Urkunde Heinrichs II. für das Kloster Montecassino (DH II. 474)

(Heinrich schenkt dem Kloster Montecassino das den Feinden entrissene Kastell Rocca d'Evandro. Montecassino 1022.)

Während seiner gesamten Regierungszeit zeigte Heinrich II. kein übermäßig großes Interesse an Italien. Nur wenn keine anderen Lösungen der Probleme möglich schienen, begab er sich selbst über die Alpen, kehrte jedoch so schnell wie möglich zurück. Ingesamt unternahm er drei Italienzüge. Auf seinem letzten besuchte er auch das Kloster des hl. Benedikt, Montecassino. Während dieses Aufenthalts Ende Juni 1022 ließ er die im Original erhaltene Urkunde ausstellen, mit der dem Kloster das Kastell Rocca d'Evandro übertragen wurde.

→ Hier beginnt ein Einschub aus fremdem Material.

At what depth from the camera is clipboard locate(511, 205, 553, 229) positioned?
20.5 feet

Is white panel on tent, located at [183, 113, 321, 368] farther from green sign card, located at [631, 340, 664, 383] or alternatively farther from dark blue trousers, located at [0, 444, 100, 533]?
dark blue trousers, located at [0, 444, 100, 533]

Zum hl. Benedikt hatte Heinrich II. ein ganz besonderes Verhältnis. Sicherlich spielte die Bedeutung dieses Manne für das abendländisch-zönobitische Mönchtum eine Rolle. Es ist bekannt, dass Heinrich II. sich schon als Herzog mit der Regula Benedicti und verschiedenen consuetudines befasst und sich für die Reform der Klöster interessiert hatte. Klosterreform bedeutete dabei in erster Linie: zurück zu den Bestimmungen der Benediktsregel. Aber noch aus einem anderen Grund verehrte Heinrich II. diesen Heiligen. Es gibt verschiedene Zeugnisse dafür, dass er ihm die Linderung seiner Krankheit zuschrieb. Schon sehr früh litt der Kaiser unter einer Krankheit (vermutlich Nierensteinen), die wiederholt zu heftigen Koliken führte. Die Quellen berichten, wie er deswegen immer wieder einmal für einige Zeit an einem Ort verweilen musste und von wichtigen Vorhaben abgehalten wurde. Dass er diese Attacken überlebt hatte, meinte er dem hl. Benedikt zu verdanken, wie es auch in der Arenga dieser Urkunde heißt.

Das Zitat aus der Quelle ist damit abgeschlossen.